Task item:
Repeat the data exactly as given below, dropping every picture.

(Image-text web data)
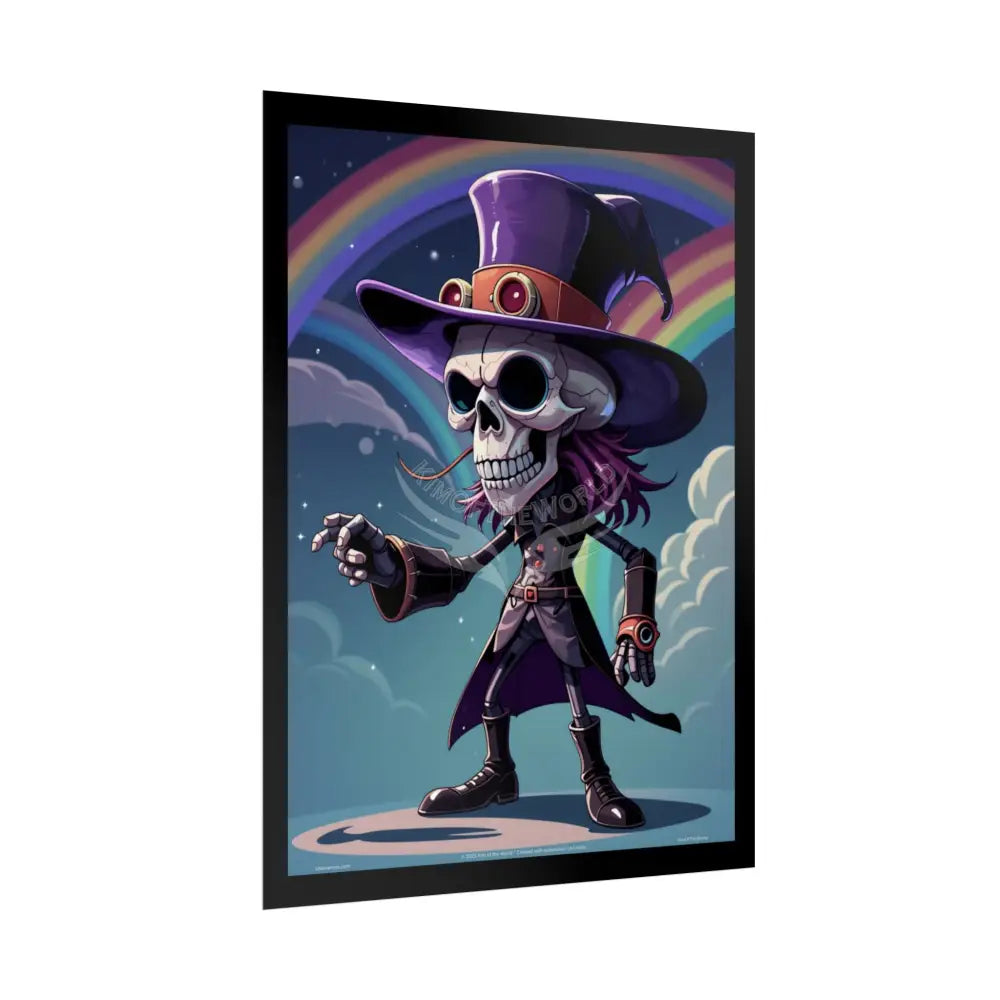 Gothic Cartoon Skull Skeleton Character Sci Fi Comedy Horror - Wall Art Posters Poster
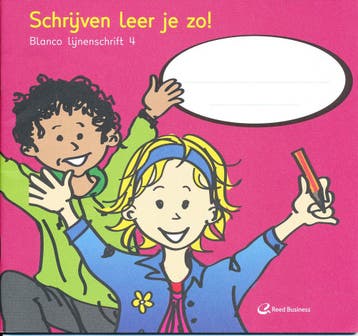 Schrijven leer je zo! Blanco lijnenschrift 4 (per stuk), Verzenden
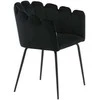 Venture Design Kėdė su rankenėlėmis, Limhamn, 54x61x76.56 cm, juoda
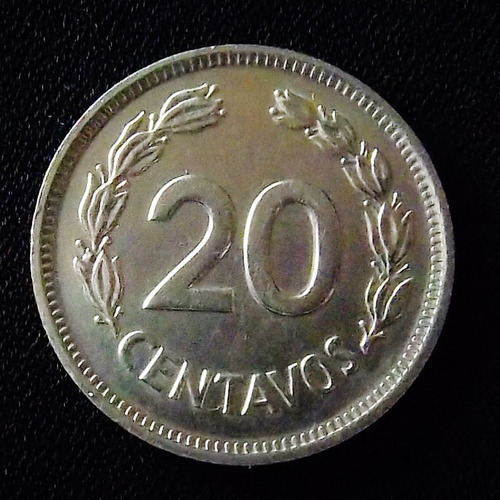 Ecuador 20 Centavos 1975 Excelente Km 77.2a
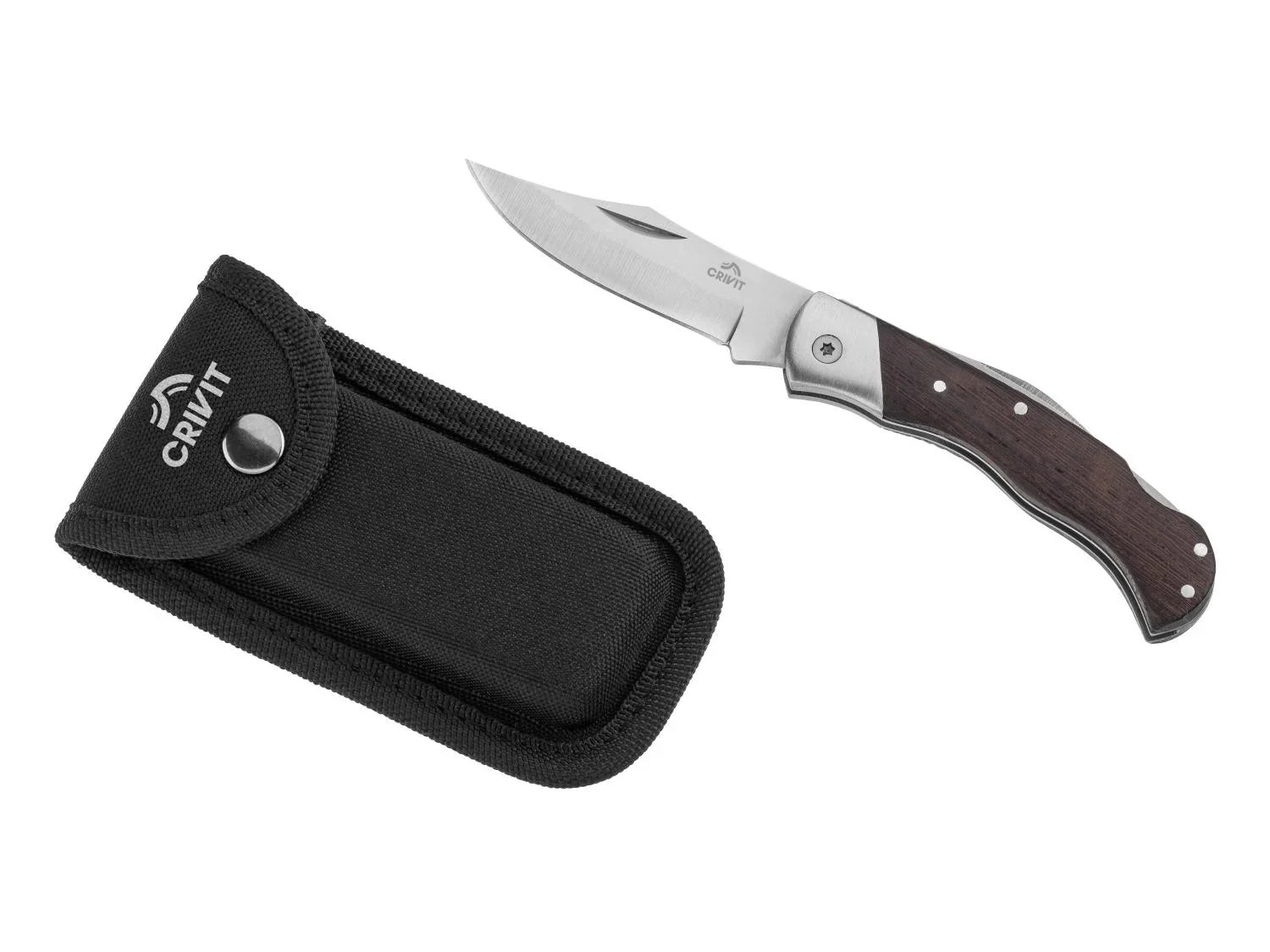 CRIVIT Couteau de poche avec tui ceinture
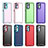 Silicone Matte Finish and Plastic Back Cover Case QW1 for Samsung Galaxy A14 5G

Expected answer:
 Gothic Cartoon Skull Skeleton Character Sci Fi Comedy Horror - Wall Art Posters Poster
 Schrijven leer je zo! Blanco lijnenschrift 4 (per stuk), Verzenden
 Venture Design Kėdė su rankenėlėmis, Limhamn, 54x61x76.56 cm, juoda
 Ecuador 20 Centavos 1975 Excelente Km 77.2a
 CRIVIT Couteau de poche avec tui ceinture
 Silicone Matte Finish and Plastic Back Cover Case QW1 for Samsung Galaxy A14 5G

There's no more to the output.